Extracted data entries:
* * * * *

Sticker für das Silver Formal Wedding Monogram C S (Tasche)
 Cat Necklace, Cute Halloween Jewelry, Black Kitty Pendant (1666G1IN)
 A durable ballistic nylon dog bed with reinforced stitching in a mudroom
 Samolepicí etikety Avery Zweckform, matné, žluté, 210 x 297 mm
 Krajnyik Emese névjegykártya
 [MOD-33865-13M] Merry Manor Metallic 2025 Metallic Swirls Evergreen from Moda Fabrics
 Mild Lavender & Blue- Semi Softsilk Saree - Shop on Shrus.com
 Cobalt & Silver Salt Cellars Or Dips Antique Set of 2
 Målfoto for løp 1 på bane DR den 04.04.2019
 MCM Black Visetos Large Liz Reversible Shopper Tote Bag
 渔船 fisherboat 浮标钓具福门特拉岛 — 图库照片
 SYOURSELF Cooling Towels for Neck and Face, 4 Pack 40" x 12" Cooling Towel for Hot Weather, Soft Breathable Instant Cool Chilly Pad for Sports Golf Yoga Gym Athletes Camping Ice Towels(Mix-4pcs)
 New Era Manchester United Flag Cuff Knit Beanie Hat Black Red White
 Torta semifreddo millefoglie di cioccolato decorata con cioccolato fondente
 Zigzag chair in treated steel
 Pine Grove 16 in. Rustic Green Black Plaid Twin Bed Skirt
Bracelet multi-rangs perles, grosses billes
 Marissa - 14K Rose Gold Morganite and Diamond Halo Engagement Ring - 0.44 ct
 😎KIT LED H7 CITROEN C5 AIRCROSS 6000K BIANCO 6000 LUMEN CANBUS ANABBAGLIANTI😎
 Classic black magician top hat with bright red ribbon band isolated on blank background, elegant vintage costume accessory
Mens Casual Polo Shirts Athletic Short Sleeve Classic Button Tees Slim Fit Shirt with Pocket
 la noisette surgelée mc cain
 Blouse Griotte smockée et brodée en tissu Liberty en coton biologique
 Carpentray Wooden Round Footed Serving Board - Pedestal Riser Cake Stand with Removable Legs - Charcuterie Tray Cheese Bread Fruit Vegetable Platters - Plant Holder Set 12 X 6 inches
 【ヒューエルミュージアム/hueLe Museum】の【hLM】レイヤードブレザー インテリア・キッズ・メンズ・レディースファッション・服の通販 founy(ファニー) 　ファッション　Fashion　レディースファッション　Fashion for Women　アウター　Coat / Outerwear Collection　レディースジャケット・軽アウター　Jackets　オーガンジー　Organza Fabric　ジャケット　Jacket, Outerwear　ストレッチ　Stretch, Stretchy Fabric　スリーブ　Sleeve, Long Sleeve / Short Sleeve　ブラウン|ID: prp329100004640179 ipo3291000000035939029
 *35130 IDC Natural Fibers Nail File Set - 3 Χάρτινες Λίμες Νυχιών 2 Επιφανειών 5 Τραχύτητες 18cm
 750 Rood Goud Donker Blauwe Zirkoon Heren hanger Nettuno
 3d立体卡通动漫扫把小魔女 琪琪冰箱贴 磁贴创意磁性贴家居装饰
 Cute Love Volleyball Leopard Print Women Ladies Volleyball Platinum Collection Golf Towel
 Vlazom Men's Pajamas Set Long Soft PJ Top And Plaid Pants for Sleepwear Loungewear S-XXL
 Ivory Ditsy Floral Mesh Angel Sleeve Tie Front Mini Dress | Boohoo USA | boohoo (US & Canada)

* * * * *

Activity:
Please retype the top of the data exactly, down to and including the line that holds "Bracelet multi-rangs perles, grosses billes", and nothing further.

Written reply:
Sticker für das Silver Formal Wedding Monogram C S (Tasche)
 Cat Necklace, Cute Halloween Jewelry, Black Kitty Pendant (1666G1IN)
 A durable ballistic nylon dog bed with reinforced stitching in a mudroom
 Samolepicí etikety Avery Zweckform, matné, žluté, 210 x 297 mm
 Krajnyik Emese névjegykártya
 [MOD-33865-13M] Merry Manor Metallic 2025 Metallic Swirls Evergreen from Moda Fabrics
 Mild Lavender & Blue- Semi Softsilk Saree - Shop on Shrus.com
 Cobalt & Silver Salt Cellars Or Dips Antique Set of 2
 Målfoto for løp 1 på bane DR den 04.04.2019
 MCM Black Visetos Large Liz Reversible Shopper Tote Bag
 渔船 fisherboat 浮标钓具福门特拉岛 — 图库照片
 SYOURSELF Cooling Towels for Neck and Face, 4 Pack 40" x 12" Cooling Towel for Hot Weather, Soft Breathable Instant Cool Chilly Pad for Sports Golf Yoga Gym Athletes Camping Ice Towels(Mix-4pcs)
 New Era Manchester United Flag Cuff Knit Beanie Hat Black Red White
 Torta semifreddo millefoglie di cioccolato decorata con cioccolato fondente
 Zigzag chair in treated steel
 Pine Grove 16 in. Rustic Green Black Plaid Twin Bed Skirt
Bracelet multi-rangs perles, grosses billes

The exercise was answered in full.